Project-Trade d.o.o. v. Croatia (European Court of Human Rights)

Information Note on the Court’s case-law 245
November 2020

Project-Trade d.o.o. v. Croatia – 1920/14

Judgment 19.11.2020 [Section I]

Article 34
Cancellation and revocation of shares in private bank directly affecting shareholders’ property rights: victim status upheld

Facts – The applicant company was a shareholder in a privately-owned bank. Following a government decision on the bank’s restructuring and recovery, all shares in the bank were revoked and cancelled, including those of the applicant company. They appealed unsuccessfully.

Law – Article 34: Having regard to its case-law (see Albert and Others v. Hungary [GC], 5294/14, 7 July 2020, Information Note 242), the Court had to examine whether the applicant company, as a former shareholder of Croatia Bank, could claim to be a victim of the alleged violation of Article 1 of Protocol No. 1.

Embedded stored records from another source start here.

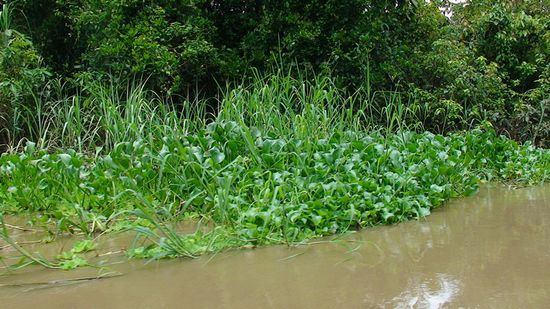 Immer wieder behindern uns diese Schlingpflanzen.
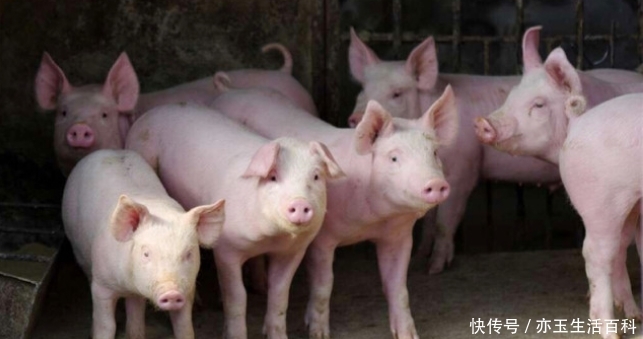  [养猪]养猪并不难，但这几点要关注，了解了就会让养猪变得很轻
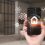 Career expansion and new business opportunities – why electricians need a smart home qualification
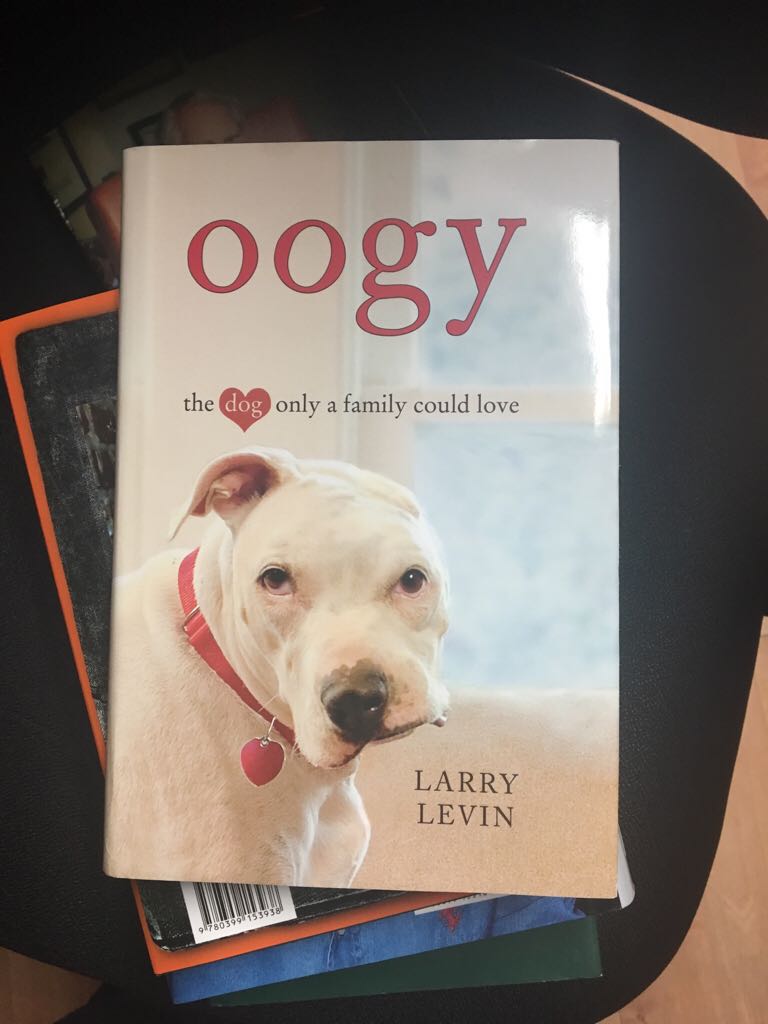 La cattedrale del mare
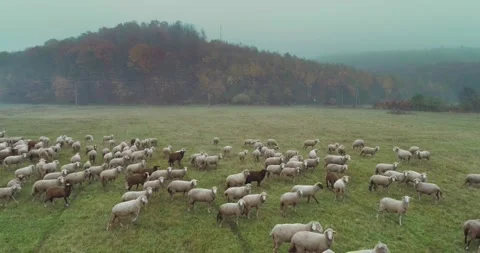 Aerial view of herding sheep from drone Stock Footage 264770281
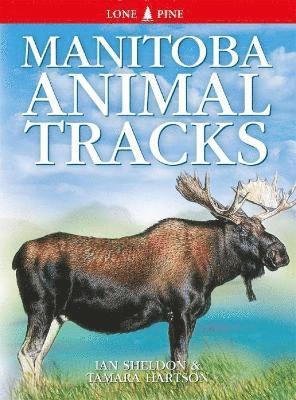 bokomslag Manitoba Animal Tracks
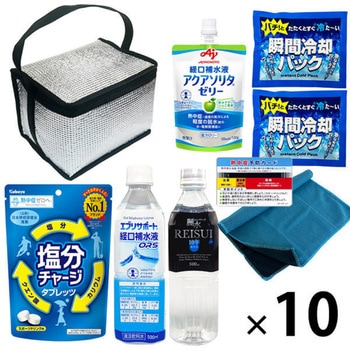 10002992 �M���Ǒ΍�L�b�g EVERSAFE 68714795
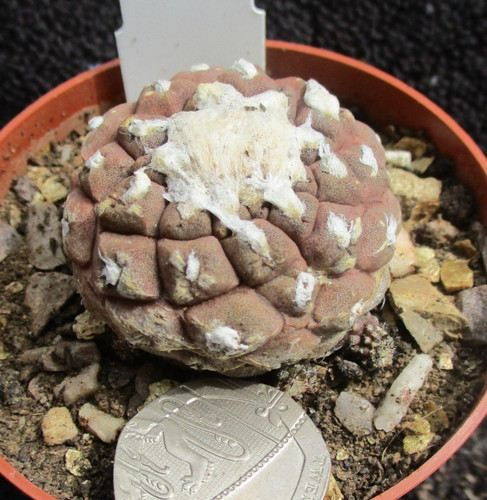 Copiapoa hypogaea really - hypogaea-,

For cases brought by shareholders of a company, it was crucial to draw a distinction between complaints brought by shareholders about measures affecting their rights as shareholders (where they could be considered victims) and those about acts affecting companies, in which they held shares (where they could not be seen as victims within the meaning of Article 34). For shareholders to be able to claim to be the victims, the impugned measures or acts must have impacted their legal rights both directly and personally and gone beyond merely disturbing their interests in the company by upsetting their position in the company’s governance structure.

The measure complained of, namely the impugned Government Decision on the recovery and restructuring of Croatia Bank, had consisted of the revoking and cancellation of all shares held by the bank’s shareholders, including those belonging to the applicant company. The applicant company thus had undeniably lost its property as a result of that Decision. Accordingly, the applicant company’s rights protected by Article 1 of Protocol No. 1 had been directly affected in a manner that had gone beyond merely upsetting the applicant company’s position in the Croatia Bank’s governance structure.

The applicant company might therefore claim to be a victim of the violation complained of.

Conclusion: victim status upheld

The Court also found, by five votes to two, that there had been a violation of Article 1 of Protocol No. 1 on account of an unlawful interference with the applicant company’s right to peaceful enjoyment of possessions; and two violations of Article 6 § 1 on account of their lack of access to court and the excessive length of the proceedings.

Article 41: claim in respect of pecuniary damage dismissed.